What to produce: A word-for-word copy of the data, with no images, is the required answer.

[Brief descriptive captions]
***
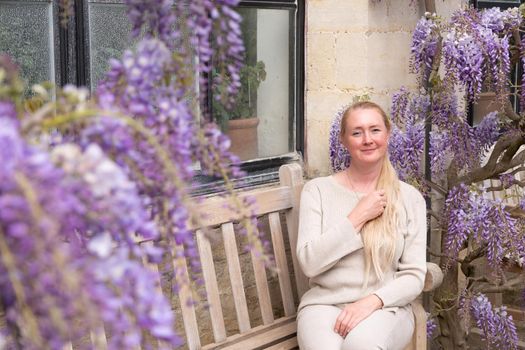 a beautiful middle-aged woman sits on a bench in the thickets of blooming wisteria and meditates happy. High quality photo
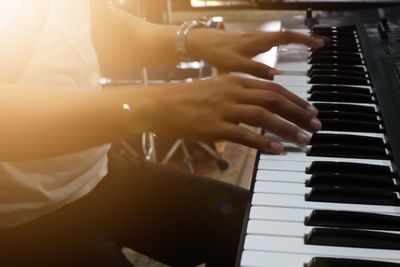 Midsection of pianist playing piano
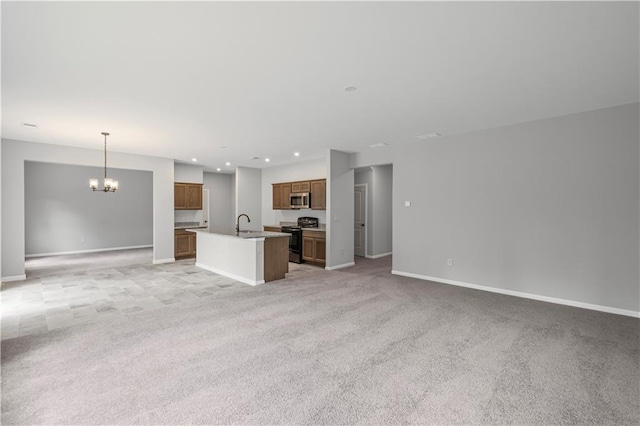 kitchen featuring an inviting chandelier, stainless steel microwave, open floor plan, black gas range, and an island with sink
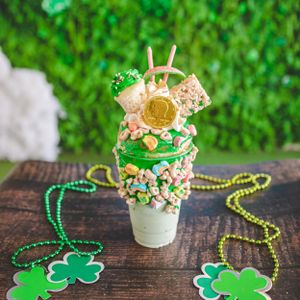 St. Patrick's Day green milkshake topped with Lucky Charms, gold coin, graham crackers, and festive shamrock decorations.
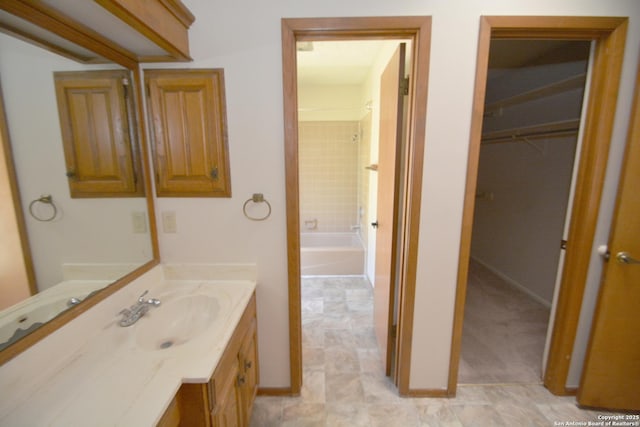 bathroom featuring vanity, baseboards, and shower / bathtub combination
***
Result:
 a beautiful middle-aged woman sits on a bench in the thickets of blooming wisteria and meditates happy. High quality photo
 Midsection of pianist playing piano
 kitchen featuring an inviting chandelier, stainless steel microwave, open floor plan, black gas range, and an island with sink
 St. Patrick's Day green milkshake topped with Lucky Charms, gold coin, graham crackers, and festive shamrock decorations.
 bathroom featuring vanity, baseboards, and shower / bathtub combination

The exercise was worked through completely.